O beijo

OPINIÃO - Raul Borges Guimarães

Data 23/10/2022
Horário 04:30

“— Olha. Agorinha, na Praça da Bandeira. Um rapaz foi atropelado. Estava juntinho de mim. Nessa distância. O fato é que caiu. Vinha um lotação raspando. Rente ao meio-fio. Apanha o cara. Em cheio. Joga longe. Há aquele bafafá. Corre pra cá, pra lá. O sujeito estava lá, estendido, morrendo 
— E daí?
— De repente, um outro cara aparece, ajoelha-se no asfalto. Apanha a cabeça do atropelado e dá-lhe um beijo na boca. (confuso e insatisfeito) — Que mais? (rindo) 
— Só. (desorientado) 
— Quer dizer que um sujeito beija outro na boca e não houve mais nada. Só isso? “

Assim começa a famosa peça teatral de Nelson Rodrigues, publicada em 1961. A trama se passa no Rio de Janeiro, quando um homem ferido de morte pede um último desejo a um cidadão que se aproxima. Um delegado corrupto e um jornalista sensacionalista transformam o beijo inusitado numa “bomba” para desviar a atenção da opinião pública de um caso de agressão, algo que conhecemos hoje como fake news. 
Eu tomei contato com o famoso beijo através da adaptação de Bruno Barreto para o cinema em 1981. Mas nada melhor do que ler a peça escrita pelo próprio Nelson Rodrigues.

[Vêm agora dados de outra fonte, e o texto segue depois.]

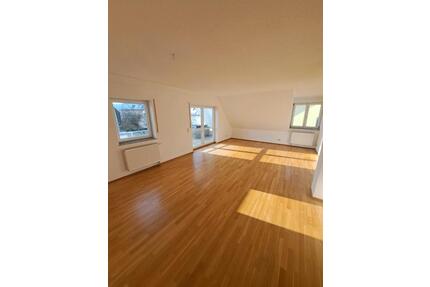 3 Zimmer Wohnung - 1.050,00&nbsp;EUR Kaltmiete, ca.&nbsp; 105,00&nbsp;m&sup2; in Rottendorf (PLZ: 97228)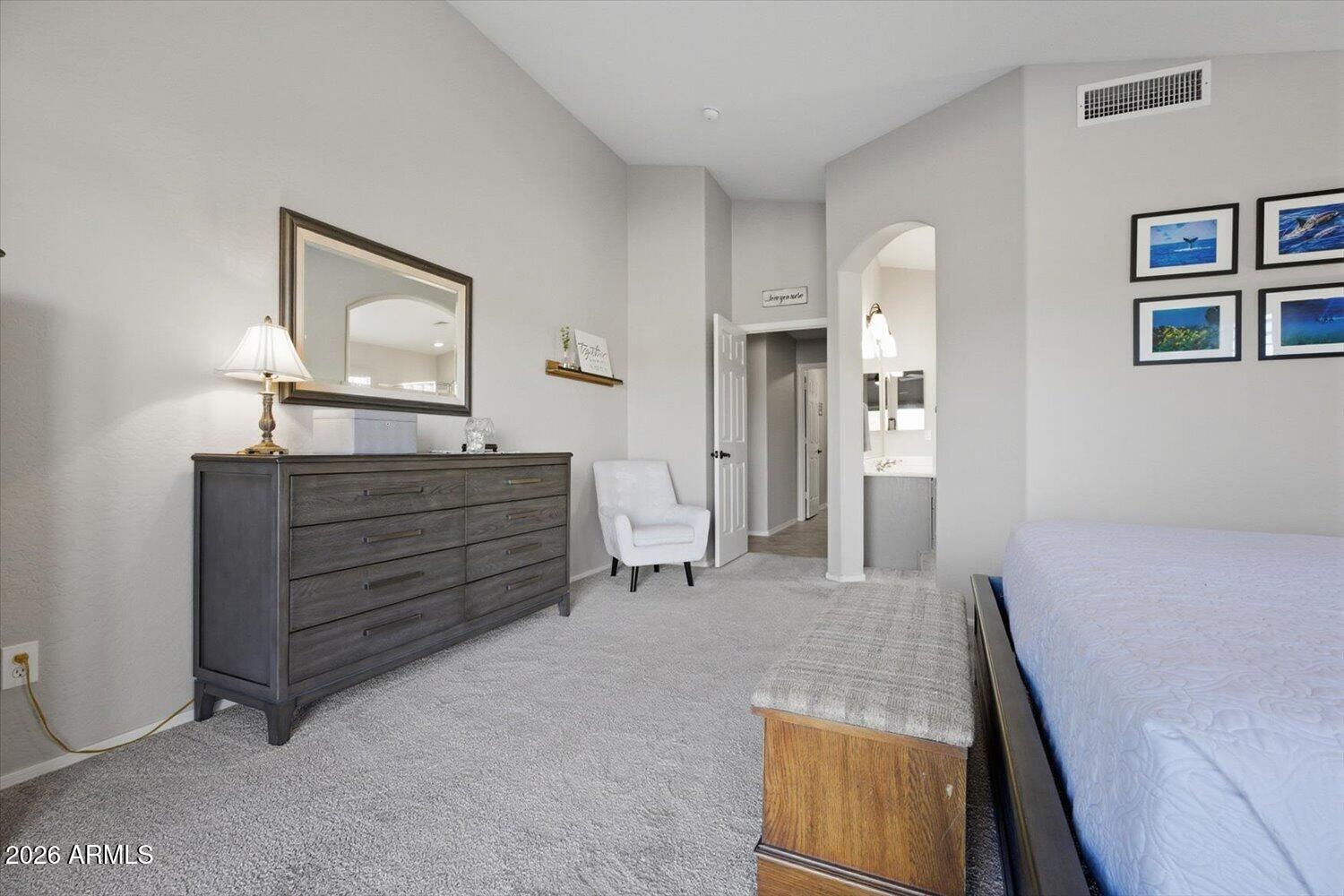 4602 E THORN TREE Drive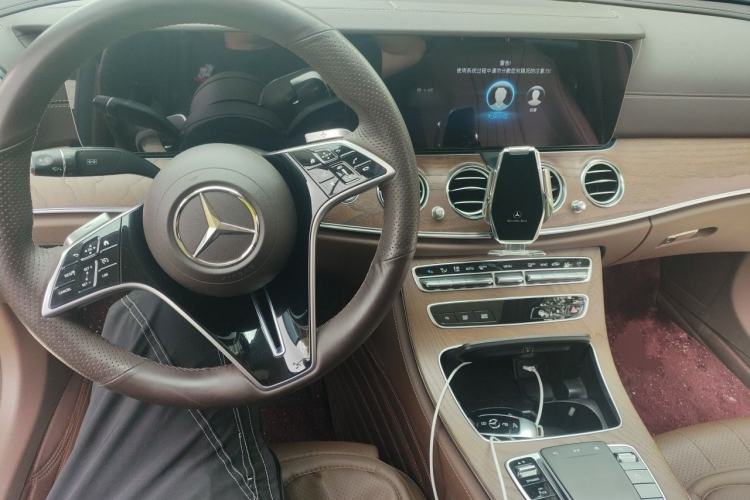 Used Mercedes-Benz E-Class 2021 Facelift E 260 L Center Console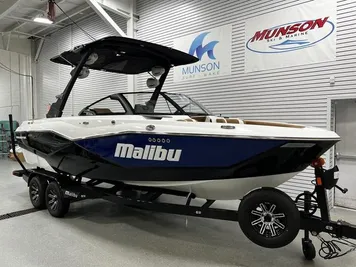 2024 Malibu 22 LSV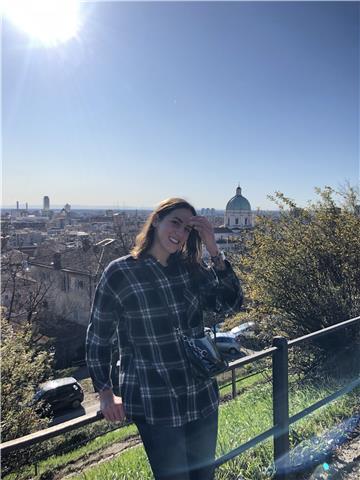Estudiante de último año doble grado derecho y ADE, con buen nivel de inglés y básico de italiano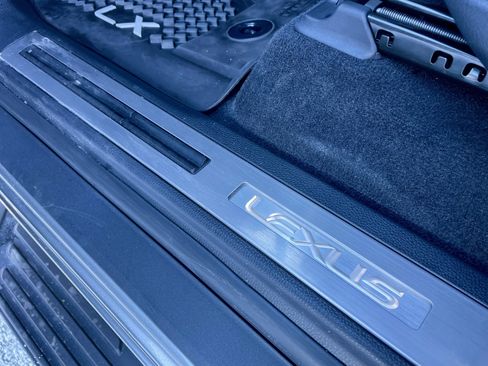 Used 2025 Lexus LX 600 4WD w/ Luxury Package image 43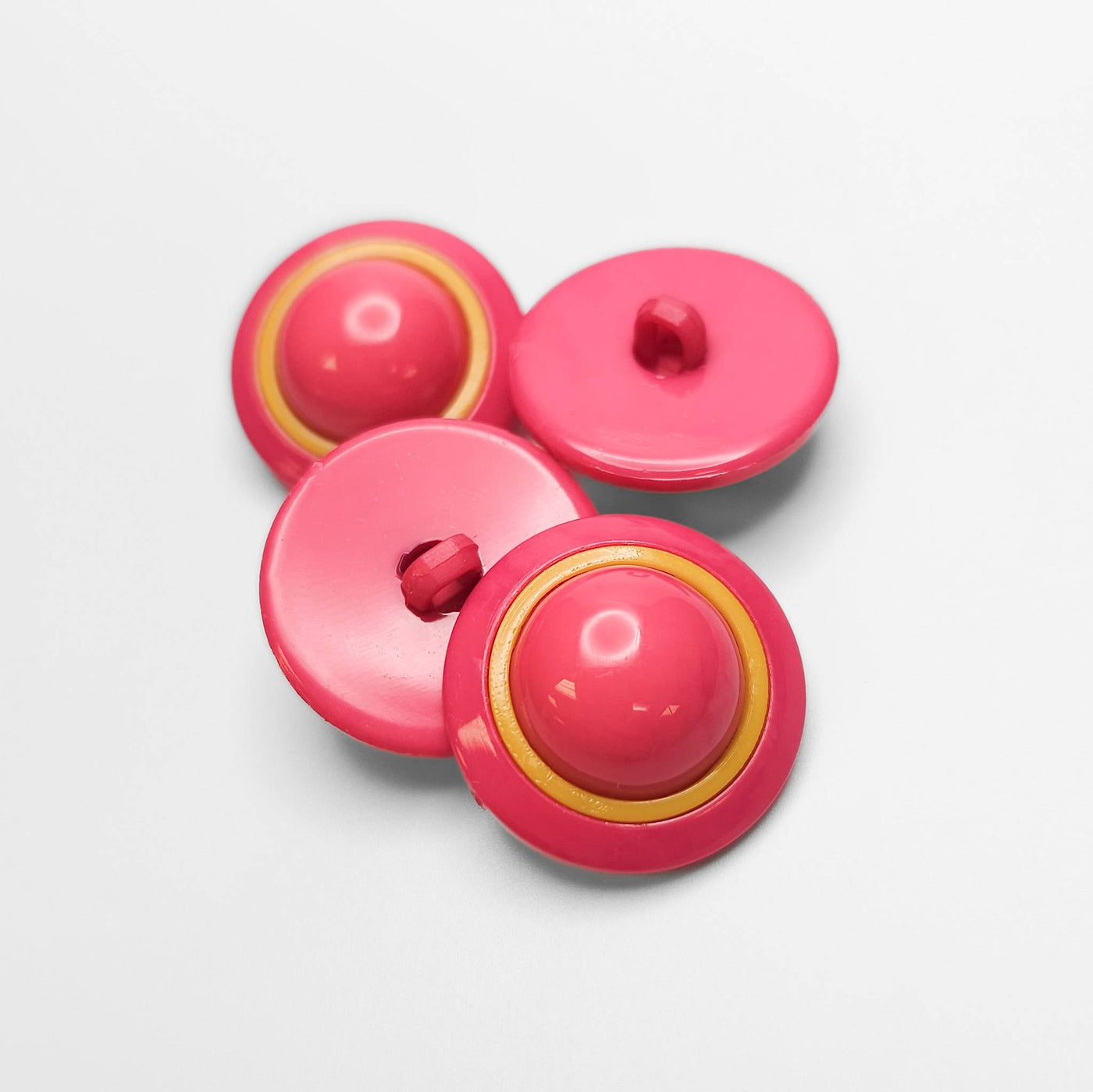 Buttons Pink and Yellow 23mm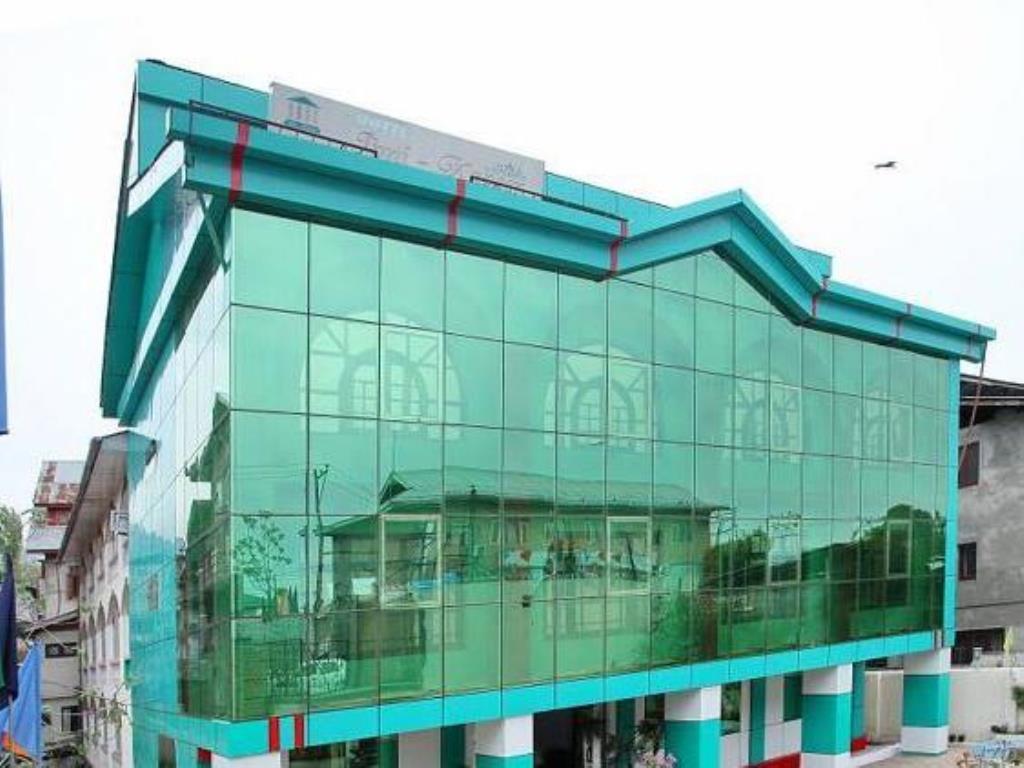 Hotel Ibni Kabeer Srīnagar 外观 照片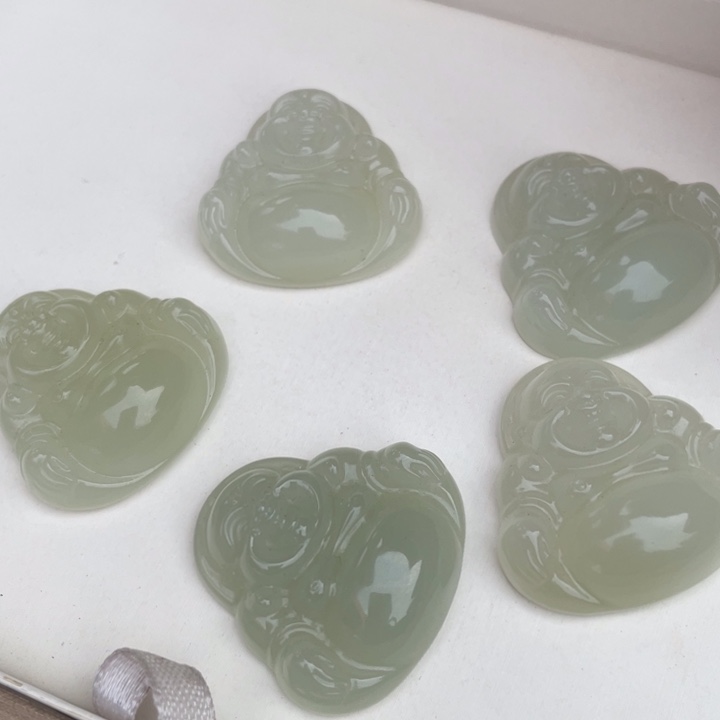 和田玉未镶嵌颈饰多样性发货，发其一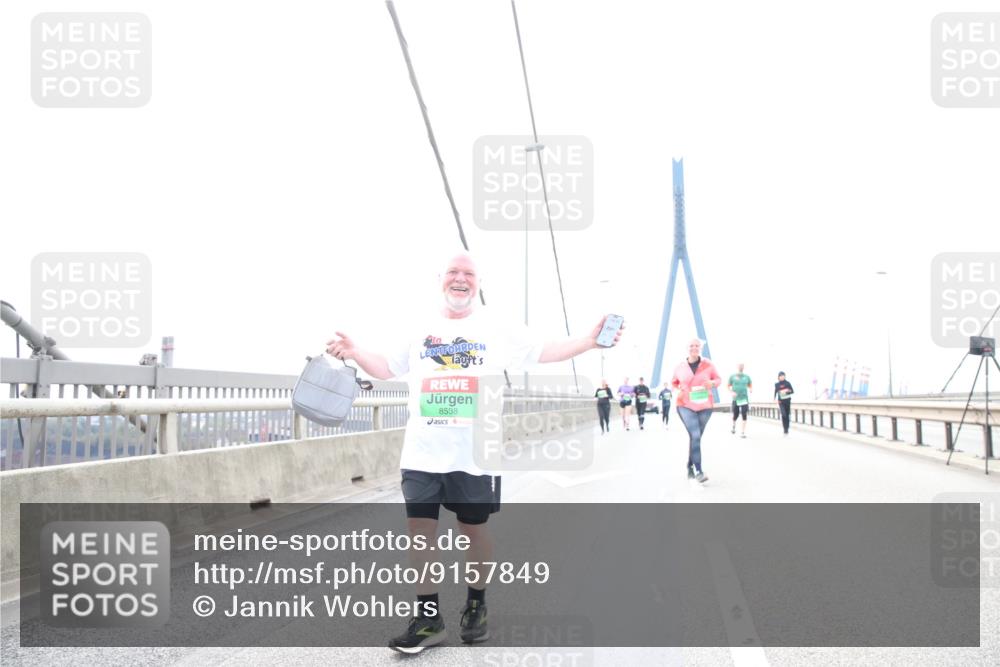 03.10.2025 - Köhlbrandbrückenlauf Jannik Wohlers http://msf.ph/oto/9157849 03.10.2025 16:10:11 Position 1 8538 meine-sportfotos.de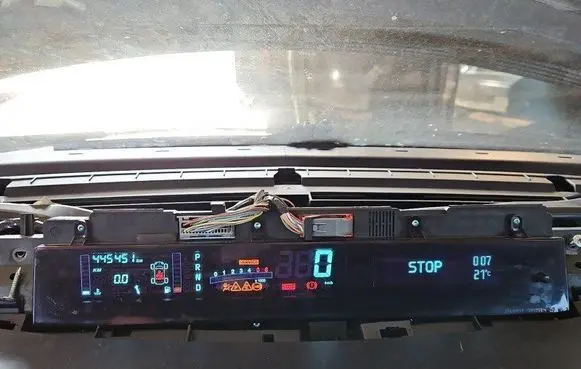 Speedometer (instrument cluster)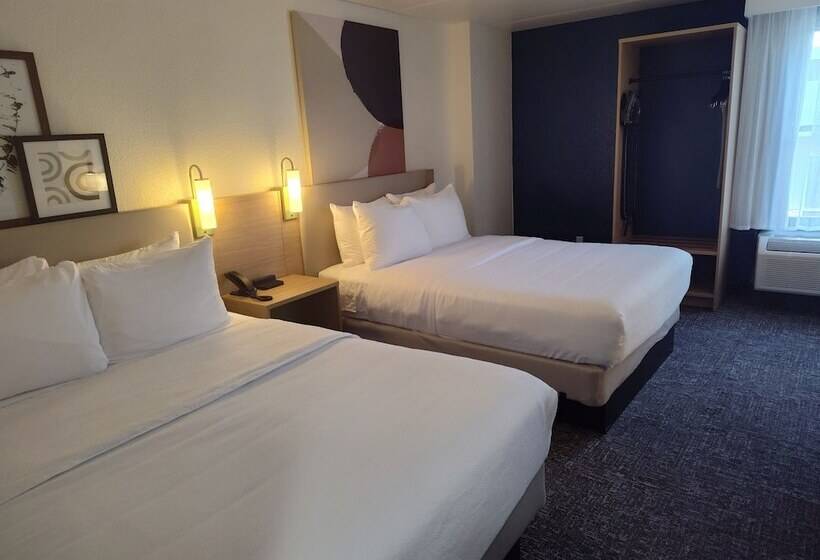 ホテル Spark By Hilton Stevensville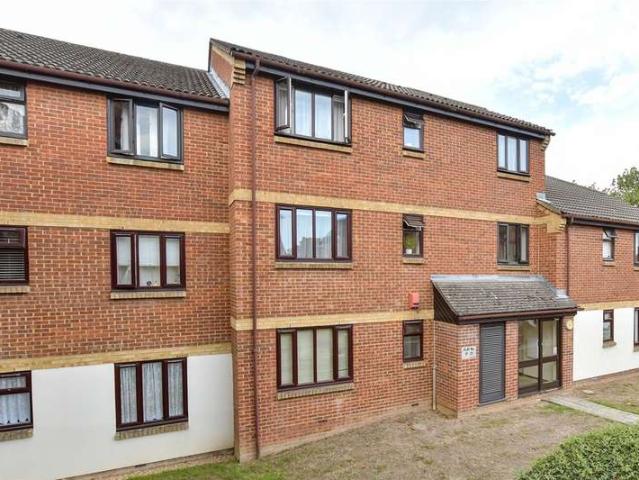 Flat for sale in Benhilton, Greater London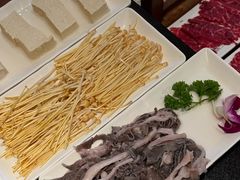 -牛事制造局牛肉火锅(莲岳路店)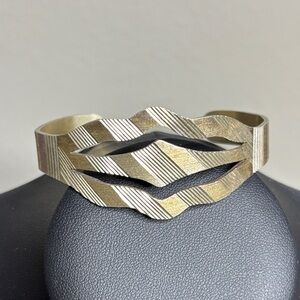 TA 50 925 Mexico Gold Tone Imprinted Stripes Pattern Cuff Bracelet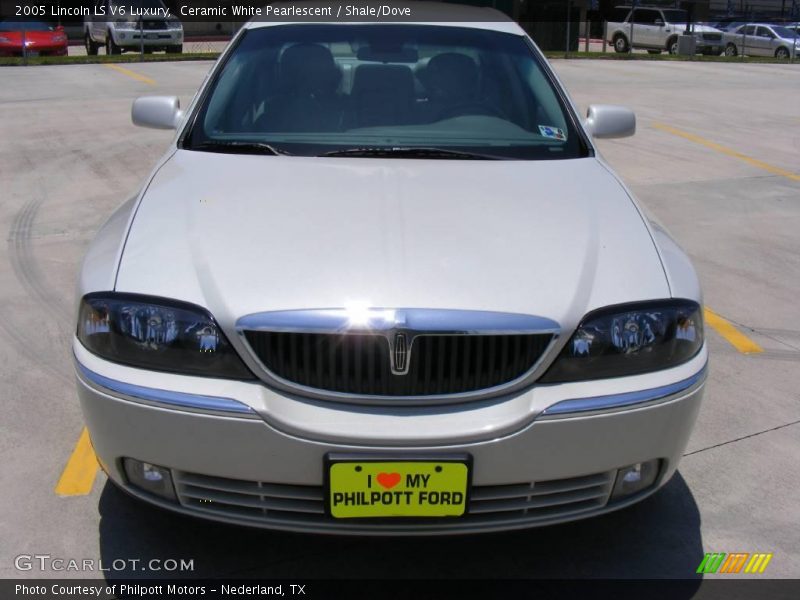 Ceramic White Pearlescent / Shale/Dove 2005 Lincoln LS V6 Luxury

É incrível como o texto é friamente cruel e revelador da dura face conservadora, puritana e preconceituosa da sociedade brasileira. 
Duas novelas da TV Globo exploraram o tema mais recentemente. Quem não se lembra da polêmica que envolveu o beijo de língua entre os atores Malvino e Leicam em “A Dona do pedaço” e o beijo gay no final recente de “Pantanal”? Infelizmente, passados quase 60 anos, vemos poucas mudanças. Salve o Nelson Rodrigues!